Saturday 31 January 2015

Pater on Style



Very Coleridgean, really (unsurprising in a volume where the third essay is all about Coleridge):
Truth! there can be no merit, no craft at all, without that. And further, all beauty is in the long run only fineness of truth, or what we call expression, the finer accommodation of speech to that vision within.

—The transcript of his sense of fact rather than the fact, as being preferable, pleasanter, more beautiful to the writer himself. In literature, as in every other product of human skill, in the moulding of a bell or a platter for instance, wherever this sense asserts itself, wherever the producer so modifies his work as, over and above its primary use or intention, to make it pleasing (to himself, of course, in the first instance) there, "fine" as opposed to merely serviceable art, exists.

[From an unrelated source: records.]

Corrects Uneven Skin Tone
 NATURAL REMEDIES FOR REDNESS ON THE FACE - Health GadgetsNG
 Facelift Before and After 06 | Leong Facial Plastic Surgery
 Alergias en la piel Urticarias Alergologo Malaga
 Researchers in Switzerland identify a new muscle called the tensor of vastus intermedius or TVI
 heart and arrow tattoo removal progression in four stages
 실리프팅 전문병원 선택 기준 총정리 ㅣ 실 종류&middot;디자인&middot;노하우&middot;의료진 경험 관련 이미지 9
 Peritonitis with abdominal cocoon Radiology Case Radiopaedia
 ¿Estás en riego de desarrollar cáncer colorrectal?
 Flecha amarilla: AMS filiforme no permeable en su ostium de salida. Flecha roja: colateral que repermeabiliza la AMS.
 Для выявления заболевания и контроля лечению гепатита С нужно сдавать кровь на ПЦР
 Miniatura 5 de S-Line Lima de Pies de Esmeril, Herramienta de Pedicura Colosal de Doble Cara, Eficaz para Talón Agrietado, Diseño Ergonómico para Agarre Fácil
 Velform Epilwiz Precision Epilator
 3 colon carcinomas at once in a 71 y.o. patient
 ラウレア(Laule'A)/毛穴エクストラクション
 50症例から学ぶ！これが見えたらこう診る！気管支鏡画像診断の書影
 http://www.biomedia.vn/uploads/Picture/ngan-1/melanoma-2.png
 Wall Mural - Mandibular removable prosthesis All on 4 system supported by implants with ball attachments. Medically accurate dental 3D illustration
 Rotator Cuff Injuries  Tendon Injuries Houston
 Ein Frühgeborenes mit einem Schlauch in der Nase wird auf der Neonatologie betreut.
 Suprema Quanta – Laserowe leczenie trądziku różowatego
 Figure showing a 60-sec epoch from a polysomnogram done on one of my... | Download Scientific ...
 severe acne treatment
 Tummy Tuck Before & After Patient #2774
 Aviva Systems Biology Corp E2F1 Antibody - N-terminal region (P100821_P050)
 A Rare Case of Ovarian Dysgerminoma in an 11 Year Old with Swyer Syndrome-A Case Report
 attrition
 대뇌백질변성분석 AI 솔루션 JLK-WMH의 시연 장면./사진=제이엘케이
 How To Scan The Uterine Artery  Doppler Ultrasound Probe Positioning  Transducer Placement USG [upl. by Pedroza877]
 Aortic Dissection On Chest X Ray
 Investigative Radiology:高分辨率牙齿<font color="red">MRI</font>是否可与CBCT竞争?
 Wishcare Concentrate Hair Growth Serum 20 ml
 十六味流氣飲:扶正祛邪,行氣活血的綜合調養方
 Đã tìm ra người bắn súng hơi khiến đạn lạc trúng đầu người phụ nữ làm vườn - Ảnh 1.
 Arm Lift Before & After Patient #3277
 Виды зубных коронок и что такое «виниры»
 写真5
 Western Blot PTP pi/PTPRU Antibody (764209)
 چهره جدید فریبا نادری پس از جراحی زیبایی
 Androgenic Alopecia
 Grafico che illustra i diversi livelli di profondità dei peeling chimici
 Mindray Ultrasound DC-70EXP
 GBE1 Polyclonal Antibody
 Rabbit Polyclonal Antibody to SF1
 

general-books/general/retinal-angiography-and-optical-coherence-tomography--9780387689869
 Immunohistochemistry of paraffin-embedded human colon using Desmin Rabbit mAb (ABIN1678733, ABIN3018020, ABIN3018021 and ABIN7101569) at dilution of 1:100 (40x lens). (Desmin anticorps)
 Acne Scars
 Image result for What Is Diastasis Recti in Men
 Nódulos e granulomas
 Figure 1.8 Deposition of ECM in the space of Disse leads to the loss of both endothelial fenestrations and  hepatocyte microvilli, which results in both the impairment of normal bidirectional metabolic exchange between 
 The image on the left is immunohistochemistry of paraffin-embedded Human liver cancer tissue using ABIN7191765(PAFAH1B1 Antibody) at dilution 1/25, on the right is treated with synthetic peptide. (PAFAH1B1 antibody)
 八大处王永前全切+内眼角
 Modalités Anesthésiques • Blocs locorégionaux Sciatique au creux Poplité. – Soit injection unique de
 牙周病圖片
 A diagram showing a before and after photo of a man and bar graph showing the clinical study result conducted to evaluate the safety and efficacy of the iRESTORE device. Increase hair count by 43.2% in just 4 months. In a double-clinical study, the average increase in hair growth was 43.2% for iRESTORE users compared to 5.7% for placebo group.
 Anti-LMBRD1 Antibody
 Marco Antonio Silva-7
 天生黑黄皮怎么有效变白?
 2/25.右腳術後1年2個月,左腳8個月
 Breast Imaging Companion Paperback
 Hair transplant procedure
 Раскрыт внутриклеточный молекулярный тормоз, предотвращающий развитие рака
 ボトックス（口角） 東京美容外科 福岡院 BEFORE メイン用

Literary art, that is, like all art which is in any way imitative or reproductive of fact—form, or colour, or incident—is the representation of such fact as connected with soul, of a specific personality, in its preferences, its volition and power.

Such is the matter of imaginative or artistic literature—this transcript, not of mere fact, but of fact in its infinite variety, as modified by human preference in all its infinitely varied forms. It will be good literary art not because it is brilliant or sober, or rich, or impulsive, or severe, but just in proportion as its representation of that sense, that soul-fact, is true.